--- Records for the exercise Enclosed Below ---
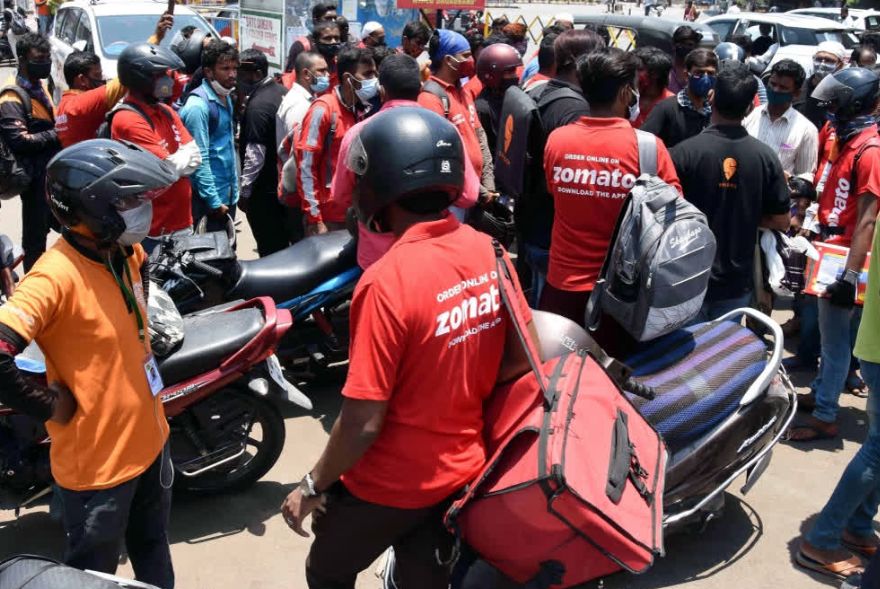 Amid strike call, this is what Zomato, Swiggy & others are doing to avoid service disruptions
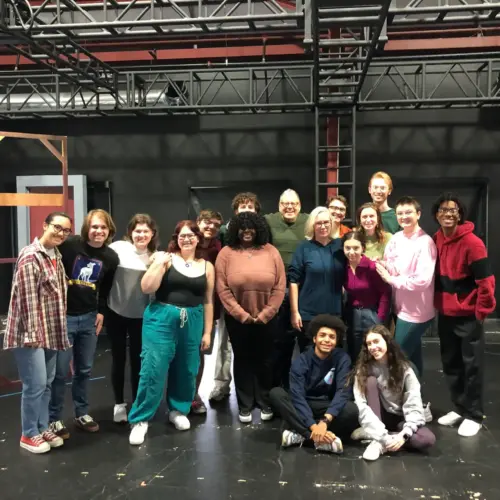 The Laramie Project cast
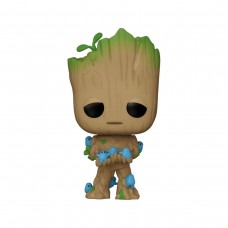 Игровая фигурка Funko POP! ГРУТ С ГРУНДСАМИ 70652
--- End of Enclosed Records for the exercise ---
--- Records for the exercise Enclosed Below ---
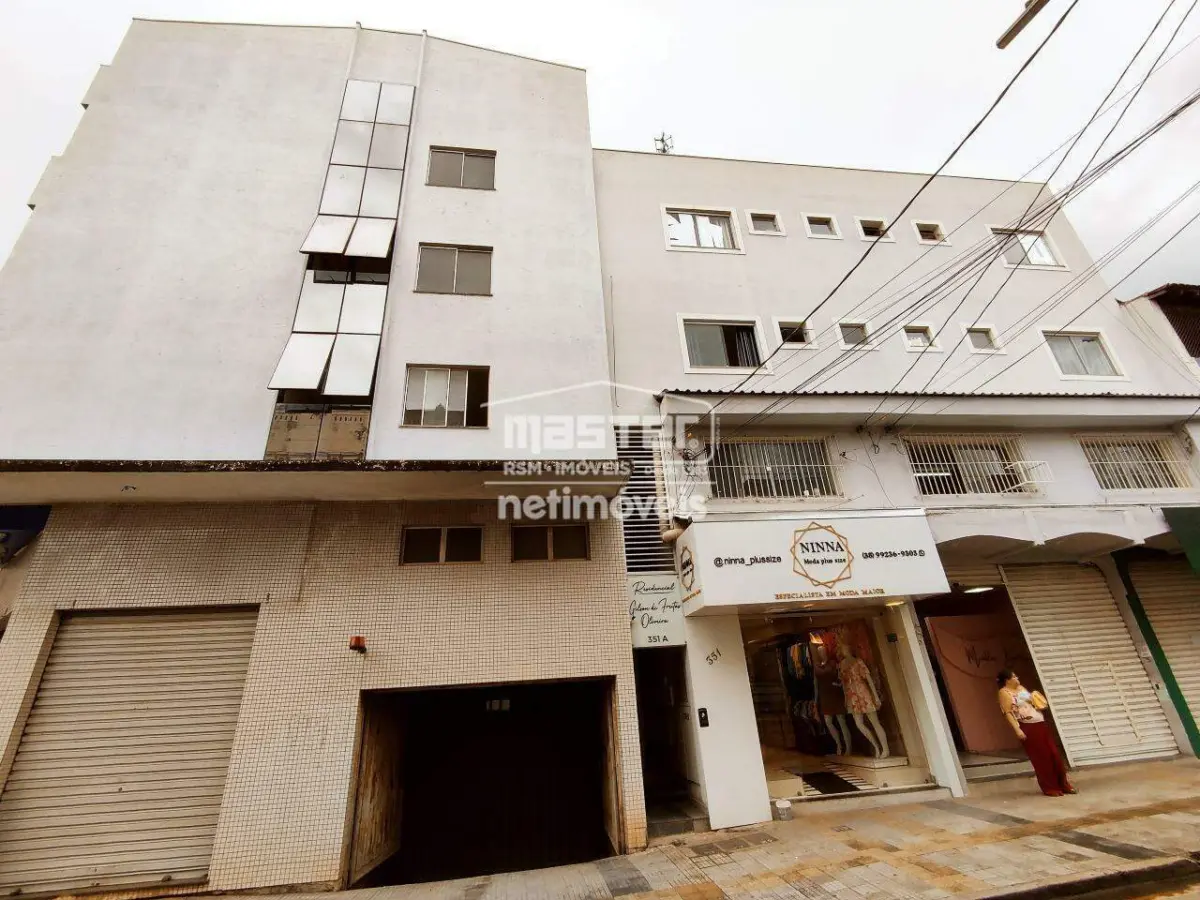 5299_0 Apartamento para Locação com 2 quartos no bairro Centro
--- End of Enclosed Records for the exercise ---
--- Records for the exercise Enclosed Below ---
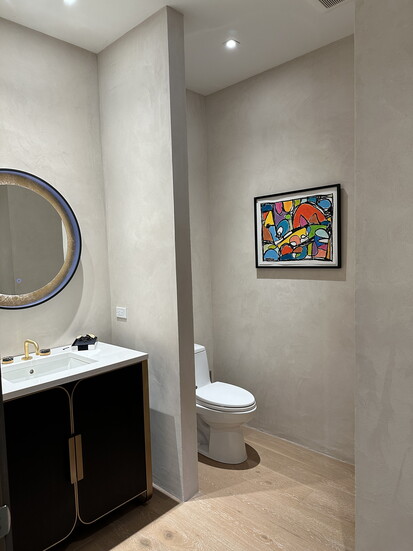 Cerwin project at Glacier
--- End of Enclosed Records for the exercise ---
Within the data above, repeat exactly the lines from the one bearing "Amid strike call, this" through the one bearing "Игровая фигурка Funko". Include no pictures and nothing else.

 Amid strike call, this is what Zomato, Swiggy & others are doing to avoid service disruptions
 The Laramie Project cast
 Игровая фигурка Funko POP! ГРУТ С ГРУНДСАМИ 70652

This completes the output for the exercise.